The challenges facing social partners in Employment Relations occasioned by evolving global dynamics continue to task the actors; stretching the capacity of institutional arrangements for managing employment relations, even in the face of globalization and socio-economic challenges. Indeed, one of the inevitable implications of global capitalism on contemporary workplace has been the accentuating challenges, and evolving “new” roles for social partners in employment relations, within the tripartite arrangement of industrial relations system. In the context of this evolving challenges, institutions and actors of Industrial Relations are confronted with how to tackle emerging issues such as; the volatility of the labour market, vulnerability and precarity, mobility of labour, labour policy reforms, part-time work and flexible work arrangement, on the one hand, and how to cope with the consequences of neo-liberal dictates such as privatization and restructuring, with implications for industrial harmony, and productivity in the workplace.

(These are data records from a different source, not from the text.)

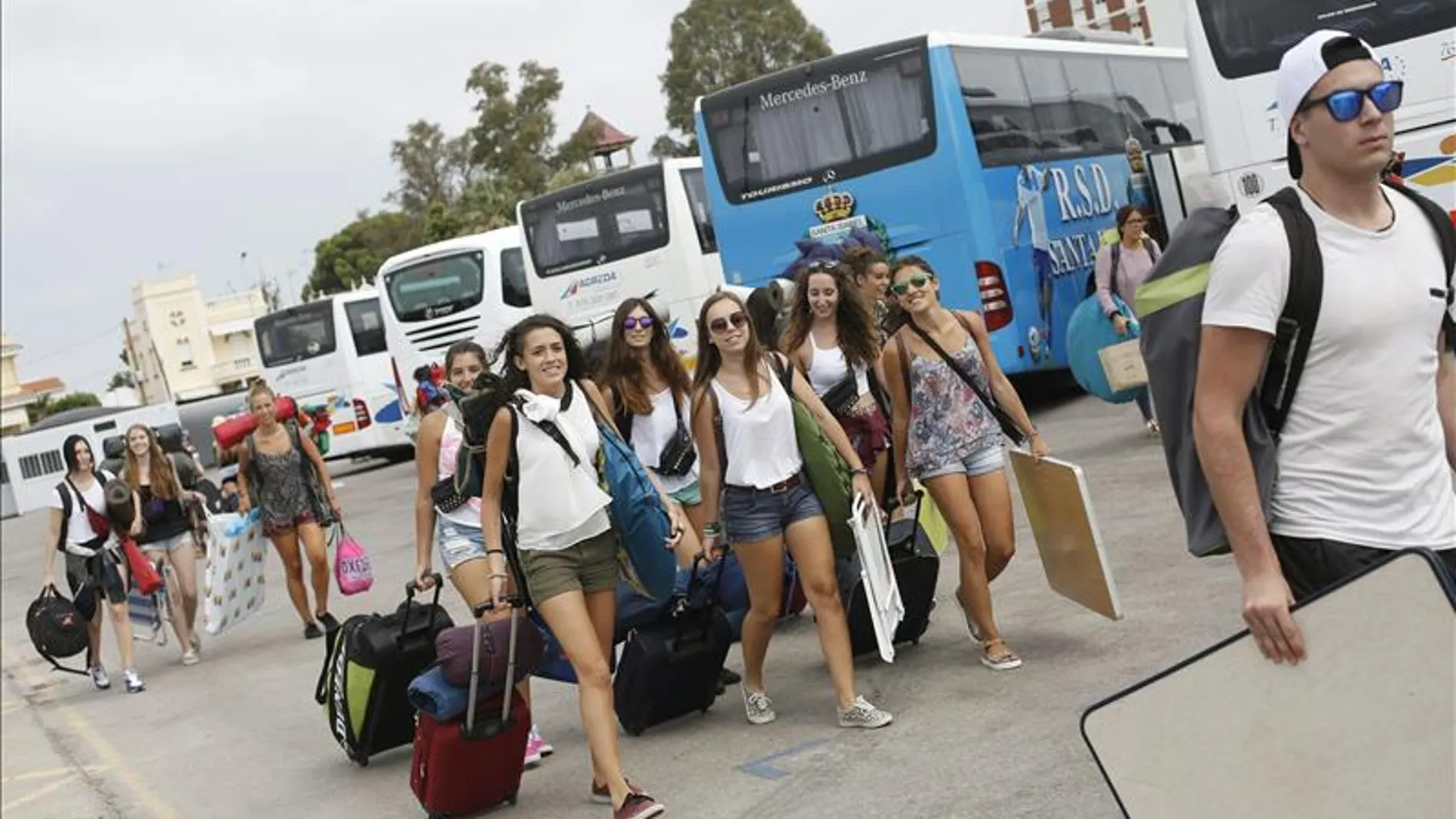 Jóvenes llegando al festival Arenal Sound de Castellón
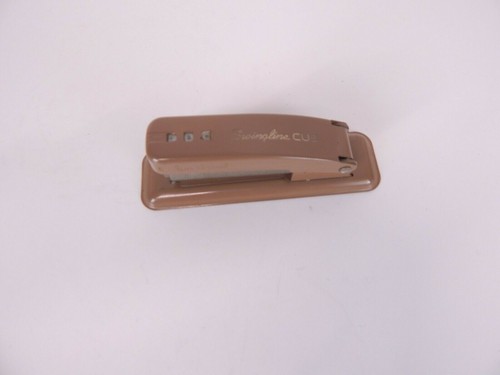 Vintage Swingline Cub Stapler Dark Beige Metal Art Deco Office 5 1/4" Long - Picture 7 of 7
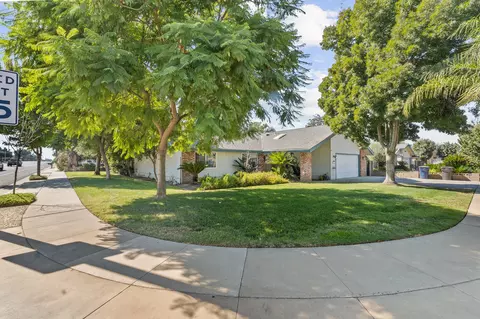 Exterior - 1687 Kaweah Dr, Tulare, CA 93274 photo 2 of 9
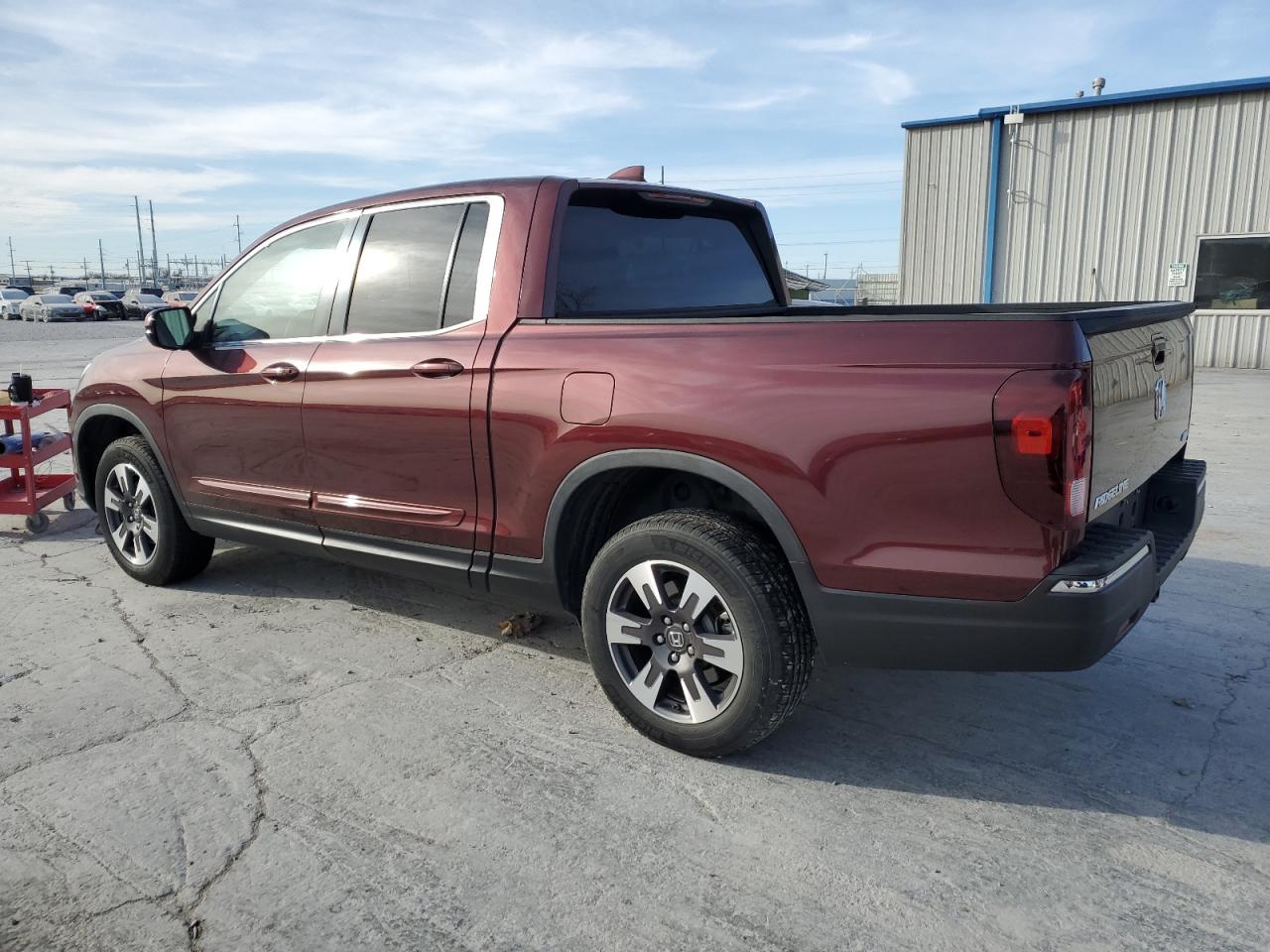 Photo 1 VIN: 5FPYK3F61HB004332 - HONDA RIDGELINE 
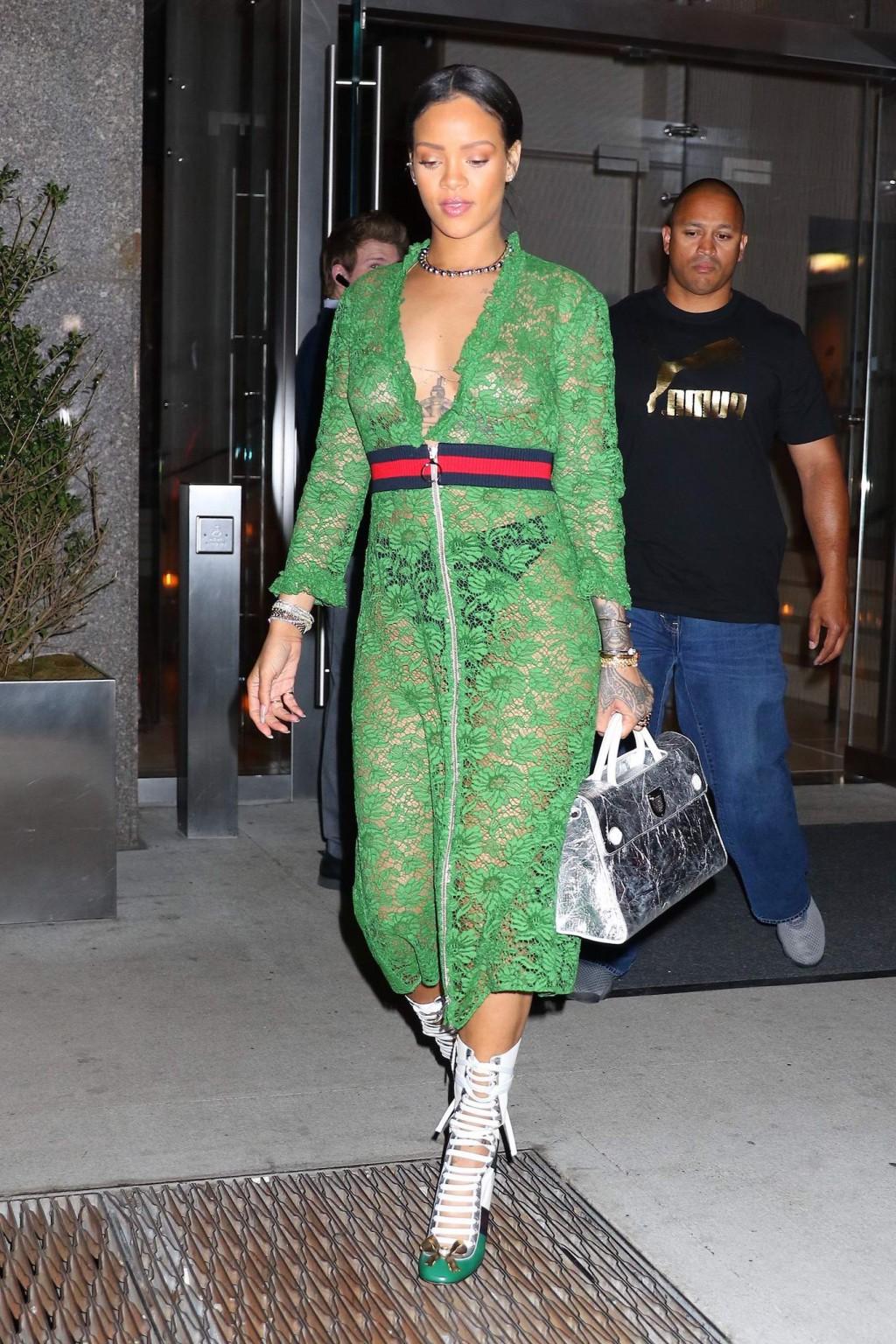 16P Rihanna see through to boobs and panties outdoor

In the emerging context, social partners are to be more innovative and strategic in coming up with approaches, attitudes and practices, not only at sustaining employment relations, but indeed on the need to further ensure decent work for all. For instance, Labour (trade unions) as one the strategic partner in Industrial Relations, has come to realize that beyond negotiations on working conditions, they wish to extend their mandate to participate in the formulation of productivity polices at a consultative level, with the management, and even on broad national public policy that have direct impact on the living conditions of the entire citizenry, at the national level. This posture, the State (also a strong partner) is often uncomfortable with; arguing that Labour should limit itself to its traditional roles of improving the terms of employment and welfare of workers. In view of these diverse interests in which industrial relations constituents are pitched, this paper contends that priority should therefore be given to ways of evolving sustainable framework of social dialogue that will continuously assure industrial harmony within the context of ever-fluid environment. This paper contributes to understanding the relevance of participative (social) dialogue as resilient institutional framework in the context of the new challenges.